Translation:He does not speak Chinese.

November 23, 2017



Gee, I translated the above with "He doesn't speak chinese" - which Duolingo didn't accept. It corrected me with " ...does not... " Gee, how strict is this ! :-(


why are they saying 汉语 instead of 中文?


You can use either.


说 refers to spoken language, while 文 refers to written language.


It's a tempting distinction with some validity, but it's not strictly adhered to in practice.

The terms are "汉语" and "中文" are generally equivalent, though apparently subject to regional preference, as set out in this Chinese Wikipedia article:

In China, both terms are fairly common, in my experience. In Taiwan, "汉语" is rare.

The terms don't overlap completely in their usage (e.g. "中文" rather than "汉语" would be a course of post-secondary study for native Chinese speakers equivalent to "English" in the English-speaking world), but generally either can be used to describe the spoken language (and by extension, its transcription in writing).


Thanks, the link to Chinese wikipedia is very useful


Thank you for the information, I never really thought about the difference even I speak 中文/汉语 everyday, here's a lingot.


Could you say 普通话 as well?


It's not really accurate for "Chinese", which is a broader term. "普通话" specifically means Mandarin.

Even more specifically, it's the mainland term for Modern Standard (Mandarin) Chinese (called "国语" in Taiwan and "华语" in Singapore and Malaysia). We usually simply call this "Mandarin" in English, but Modern Standard Mandarin Chinese is derived from 官话, the language of the mandarins (senior-level Chinese bureaucrats), which is the historical technical meaning of "Mandarin".

(Mandarin as the language of the officials was in turn based on dialects existing in and around Beijing, which are still part of the so-called Mandarin language group as it's described by linguists.)


You can't use either. This is why! 汉语 means Chinese language. A Chinese person understands the difference between 中文 which also means Chinese and 汉语 which is Chinese as a language. And in this context, the correct word is 汉语.


You can indeed use either, and native Chinese speakers do, with the caveat that there are some regional preferences; e.g., "汉语" is rarely used in Taiwan.

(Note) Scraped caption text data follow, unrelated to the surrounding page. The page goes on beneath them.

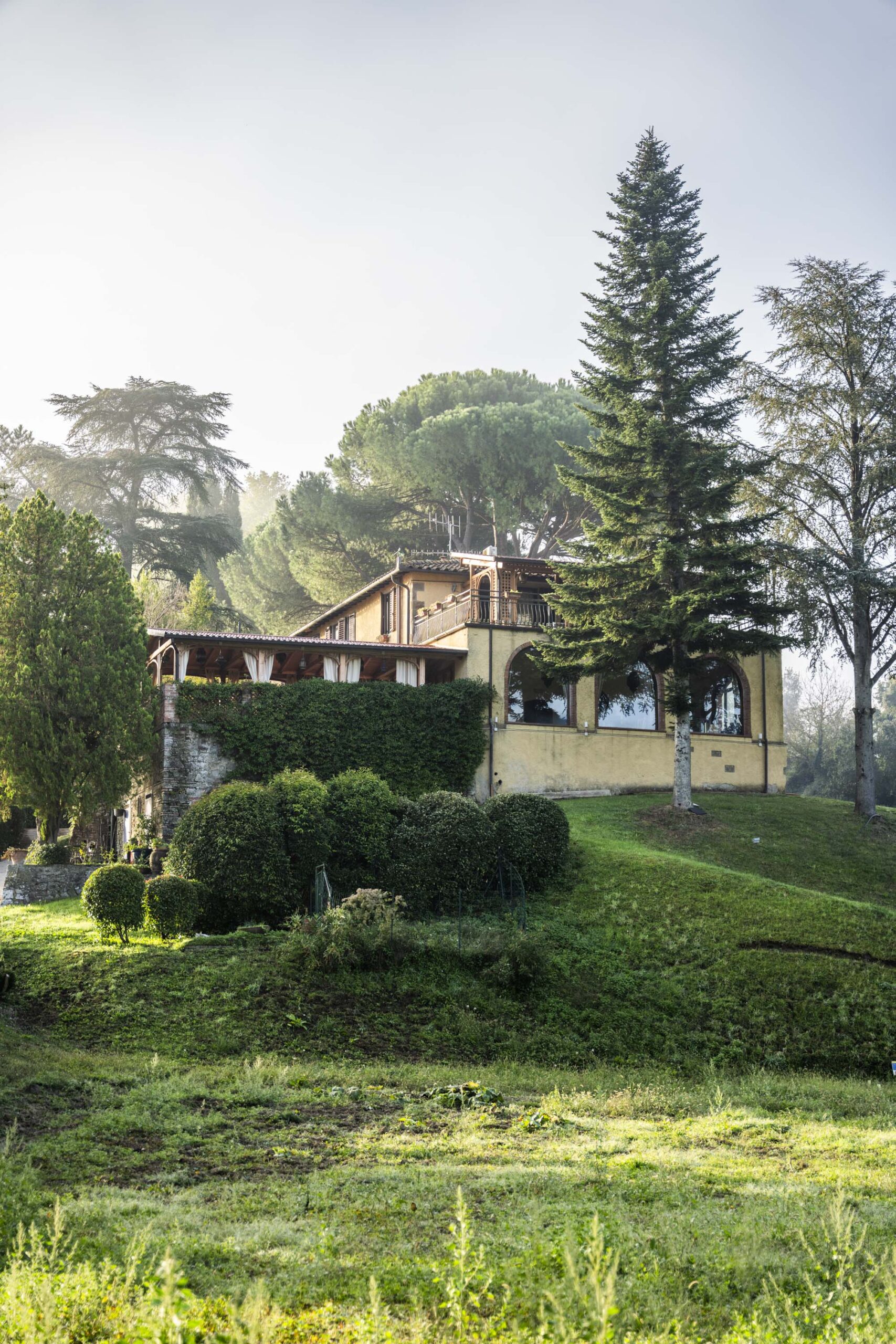 Villa Poggio di Gaville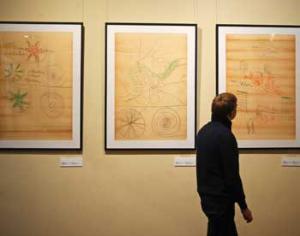 На выставке Ле Корбюзье в Москве представлена созданная им мебель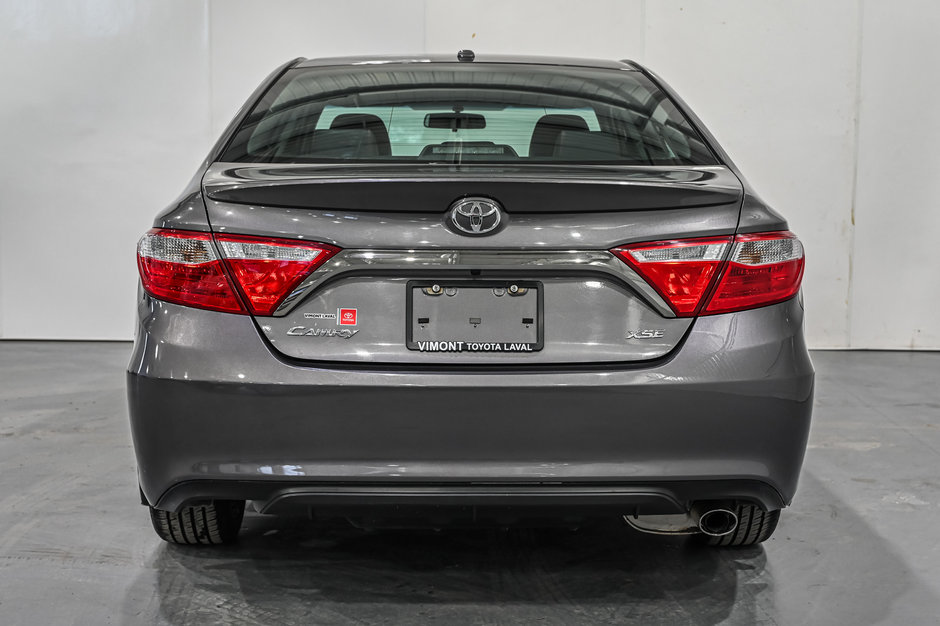 Toyota Camry 2015+XSE+MAGS+CAMERA RECUL+SIEGES CHAUFFANTS+++ 2015-5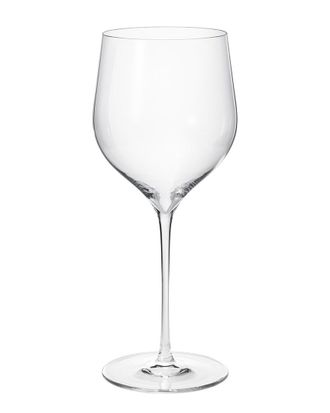 Georg Jensen Set Of 2 Koppel Red Wine Super Thin Glasses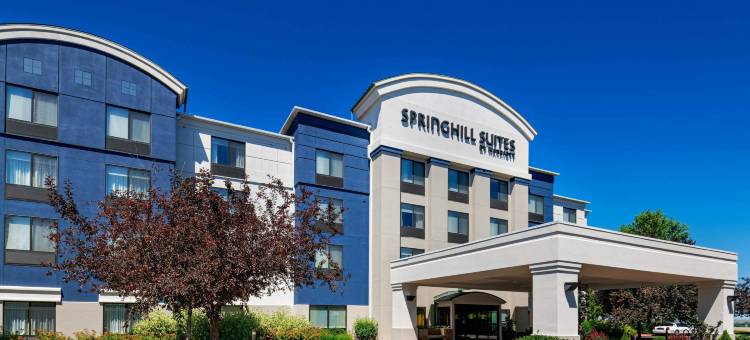 SpringHill Suites酒店博伊西西部/伊格尔(SpringHill Suites Boise West/Eagle)图片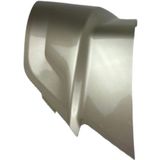 Sierkap Vermeiren Mercurius 4D champagne rechtsvoor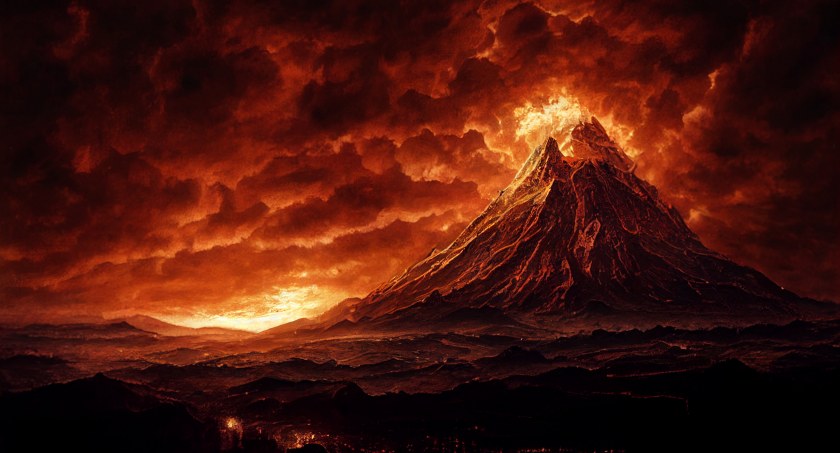Mordor? Tak, ale w Unii Europejskiej
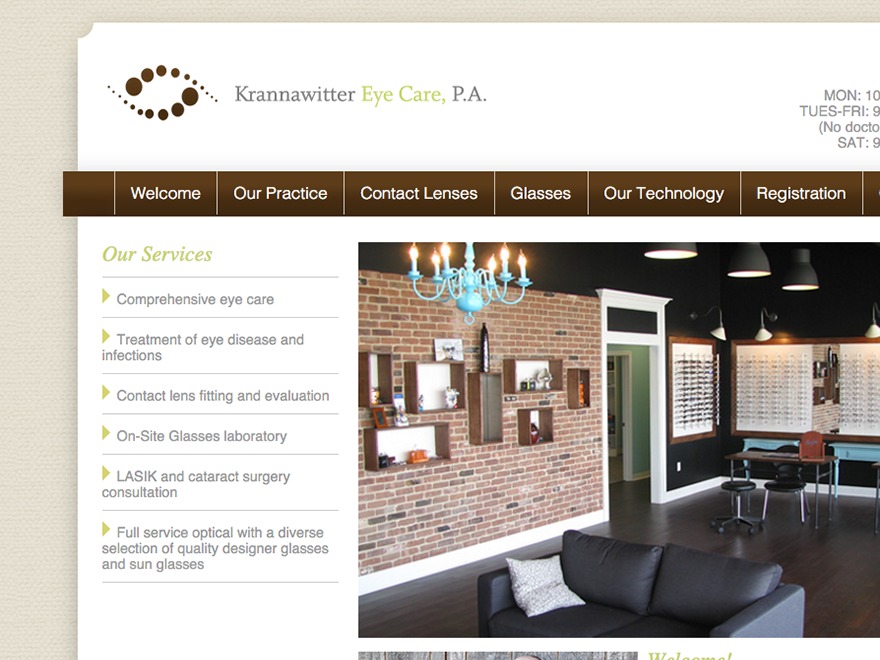 KrannEye WordPress theme by Voltage Creative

汉语 means Chinese language. A Chinese person understands the difference between 中文 which also means Chinese and 汉语 which is Chinese as a language. And in this context, the correct word is 汉语.


It's same mean


I was learning Chinese from a book some time ago, and I remember seeing something like "中国话" for "Chinese". Is this correct?

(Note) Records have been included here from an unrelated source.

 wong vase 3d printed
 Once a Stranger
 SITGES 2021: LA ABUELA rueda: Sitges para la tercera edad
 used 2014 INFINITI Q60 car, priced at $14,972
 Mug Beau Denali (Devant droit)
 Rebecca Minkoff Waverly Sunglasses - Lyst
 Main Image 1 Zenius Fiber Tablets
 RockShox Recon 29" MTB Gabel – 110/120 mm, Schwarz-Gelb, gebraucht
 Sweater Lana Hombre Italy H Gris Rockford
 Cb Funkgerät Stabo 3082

Yes, that's another way to say it.


Would adding 会 to this sentence make it "He can't speak Chinese" like, “他不会说汉语”?


Yes, that's right.


Wow, you guys are good at chinese


Is 说话 correct?


汉语 means Chinese language. A Chinese person understands the difference between 中文 which also means Chinese and 汉语 which is Chinese as a language. And in this context, the correct word is 汉语.


Does this mean "He speaks none of the Sinic languages" or "He does not speak Standard Mandarin?"


It means "He doesn't speak Chinese", i.e. any of the dialects of the Han Chinese people. It doesn't refer specifically to Mandarin, but it also probably doesn't include the Greater Bai languages, so it depends on what you include in "Sinitic".


Thank you. This skill has confused me because I was taught never to say "Chinese" because the different dialects are basically completely separate languages. So it seems that what Duolingo translates as "Chinese" can refer to any dialect spoken by the Han Chinese, which in the context of this course probably means the dialect we are learning. Which Chinese people are Han?


Most Chinese citizens are Han — 92% according to official Chinese statistics — and accordingly so are most Chinese emigrants. The Han are who we generally think of when we think of Chinese ethnicity, I would say.

There are also ethnic minorities in/from China (i.e. current or former Chinese citizens who aren't Han), and although many of them have largely mixed with the Han people, some groups still speak non-Sinitic languages.


Shouldn't it be 他不会说汉语?


With the 会, that would mean "He does not know how to speak Chinese" or "he does not have the capacity to speak Chinese;" the sentence as written means "He does not speak Chinese;" perhaps the former is the reason for the latter, but the sentence does not actually specify: that is, it is possible that he can speak Chinese, but he simply does not, for whatever reason.

他不说汉语。 Translation: He does not speak Chinese.


I learned it the mandarin way first


说 was not an option for me, why?


I have been told by a Chinese person that VERY few Chinese people who say that they speak 'han'


Is "he does not speak Chinese language" wrong? 语 yǔ means language right?


You are correct as far as a literal translation of the Chinese words, but in English we do not say "Chinese language" (or French language or German language) we only say Chinese (or French or German).


她不说汉语? :)


It is bery hard


Does "saying" also work?


He does not saying Chinese?


Mandarin should be accepted


It should not, Mandarin is more specific, 普通话!汉语 is simply "Chinese (language)" and it's broader than Mandarin!